Specifically, two different liquid crystal (E7 and OCB) and two different chiral dopants (S 1011 and DBD) are used in combinations to respectively form four different cholesteric liquid crystal material samples: Cl: OCB+DBD (experiment code M+D) ; C2 : E7+DBD (experiment code E+D) ; C3 : OCB+S1011(experiment code M+S) ; C4 : E7+S1011 (experiment code E+S). Glass sheets containing the cholesteric liquid crystal material samples are respectively placed in gas tanks to observe the color changes in the cholesteric liquid crystal material samples as time goes by. Here, the concentration of the gas in the gas tank is approximately 50 ppm, and the temperature in the gas tank is around the room temperature (23° C.).

FIG. 3A to FIG. 3D show color changes of four cholesteric liquid crystal material samples upon methanol detected by the four cholesteric liquid crystal material samples.
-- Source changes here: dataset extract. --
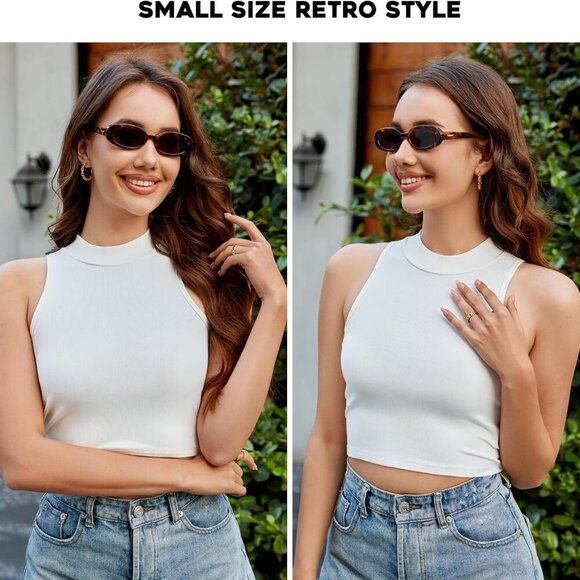 Retro Tiny Oval Sunglasses for Women with Small Face Narrow Style - Picture 4 of 7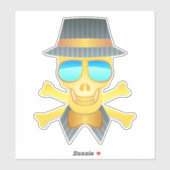 Sticker Crâne de mode (Feuille)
As shown in FIG. 3A to FIG. 3D, the glass sheets containing the cholesteric liquid crystal material samples are placed in gas tanks for a period of time T, 2T, 3T, and 4T, respectively. Here, the time T, 2T, 3T, and 4T is an arithmetic sequence with an equivalent time difference among one another. As shown in the drawings, the color of the sample C2 (experiment code E+D) changes with time. In the period of time 3T (shown in FIG. 3C), the color of the sample C2 changes from red into colorless after adsorbing gas. However, in the period of time 4T (shown in FIG. 3D), the color of the sample C2 turns back to red from colorless. This is because the adsorbed gas is desorbed from the sample.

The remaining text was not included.